The dream lag effect

Dreams participate in memory consolidation.

Posted May 15, 2011

Have you ever noticed that some of the images or events or people you see in your dreams are images, events or people you saw last week? Recall the dream you had last night. Now recall three or four images from that dream. Now ask your self have you seen any of those images before? If so when did you see them? It turns out that when people are asked these simple questions about their dreams and their memories they report that most of the images in their dreams come from the previous day (Freud referred to this a day residue) or from one week prior to the dream. This latter week-long lag is known as the dream lag effect. The idea is that it takes about a week for certain types of experiences to be encoded into long term memory. As the encoding process is proceeding some of the images involved in the consolidation process will turn up in a dream. In short, you can actually see images being encoded into long term memory by paying attention to your dreams!

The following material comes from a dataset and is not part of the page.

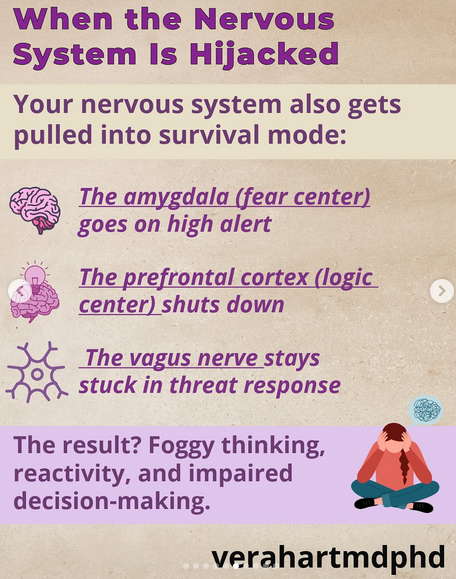 NarcissistBox's tweet image. #survivalmode #vagusnerve #prefrontalcortex #amygdala #bodycheck #fear #ThursdayThought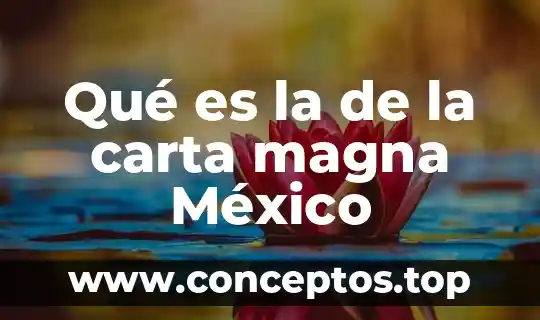 Qué es la de la carta magna México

The term dream-lag effect was proposed in 1989 by Nielsen and Powell (Nielsen & Powell, 1989). Since then the effect has been replicated (Nielsen et al., 2004; Blagrove et al., 2010).  Memory theorists suggest that the hippocampus takes events from the previous day, selects some to be consolidated into long term memory and then begins to transfer these over to the neocortex for permanent storage. That transfer process takes about a week. Dreaming may thus participate in the relocation of memory storage from hippocampus to neocortex over time.

References

Blagrove, M., Henley-Einion, J., Barnett, A., Edwards, D., & Heidi, S. C. (2010). A replication of the 5-7day dream-lag effect with comparison of dreams to future events as control for baseline matching. Consciousness and Cognition, in press.

Nielsen, T. A., Kuiken, D., Alain, G., Stenstrom, P., & Powell, R. (2004). Immediate and delayed incorporations of events into dreams: further replication and implications for dream function. Journal of Sleep Research, 13, 327-336.

Nielsen, T. A. & Powell, R. A. (1989). The "dream-lag" effect: A 6-day temporal delay in dream content incorporation. Psychiatric Journal of the University of Ottawa, 14, 561-565.

Nielsen, T. A. & Powell, R. A. (1992). The day-residue and dream-lag effects: A literature review and limited replication of two temporal effects in dream formation. Dreaming, 2, 67-77.